Wajah Baru TMII & Perjamuan Seharga Rp1,08 Triliun untuk Tamu G20

Kamis, November 03, 2022 Majalah Holiday 0 Comments


Bisnis.com, JAKARTA - Taman Mini Indonesia Indah (TMII) dipermak habis oleh pemerintah, karena akan digunakan untuk perjamuan makan malam para petinggi negara dalam Konferensi Tingkat Tinggi (KTT) G-20. Pemerintah merogoh kocek Rp1,08 triliun untuk melakukan renovasi TMII. Perombakkan ikon wisata pada era Orde Baru tersebut dibagi dalam 3 zona. 

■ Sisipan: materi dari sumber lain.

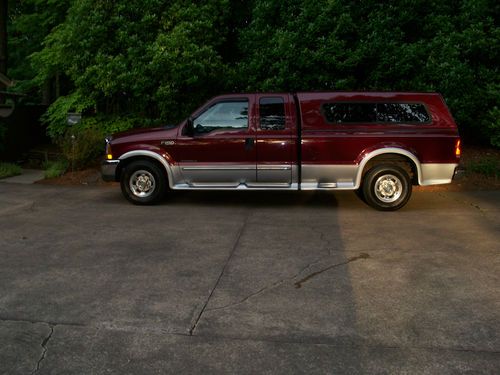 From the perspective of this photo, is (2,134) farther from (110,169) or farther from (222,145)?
(222,145)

Zona pertama, dengan tema 'Indonesia Klasik ' dilakukan penataan pada area gerbang utama, renovasi koridor utama Sasono, plaza utara dan selatan, Plaza Gadjah Mada, Tugu Pancasila, Keong Mas, Sasono Utomo, Sasono Langgeng Budoyo, Sasono Adiguno, Museum Indonesia, dan lantai satu gedung pengelola sebagai gerai UMKM. 

Adapun zona kedua, bertema 'Arsitektur Nusantara' dengan sentuhan Tradisi dan Budaya Sulur melalui renovasi jalan dan pedestrian kawasan lingkar dalam, Plaza Boulevard Nusantara, amphiteater, dan promenade keliling Danau Archipelego.

Sementara itu, zona ketiga dengan tema 'Indonesia Kini Modern' di antaranya penanganan jalan dan pedestrian kawasan lingkar luar.

Secara terperinci biaya untuk renovasi itu terdiri dari koridor utama Sasono Utomo, Sasono Langgeng Budoyo, dan Sasono Adiguno dilaksanakan oleh kontraktor PT PP senilai Rp167,4 miliar. 

Adapun Renovasi Museum Indonesia, penataan lansekap anjungan dan pedestrian, penataan outer ring (halte), area parkir, dan gedung pengelola oleh kontraktor PT Waskita Karya senilai Rp182,9 miliar. Lalu, penataan lansekap pulau-pulau di Danau Archipelego (promenade, pedestrian anjungan, dan amphitheater) oleh PT Brantas Abipraya senilai Rp183,6 miliar.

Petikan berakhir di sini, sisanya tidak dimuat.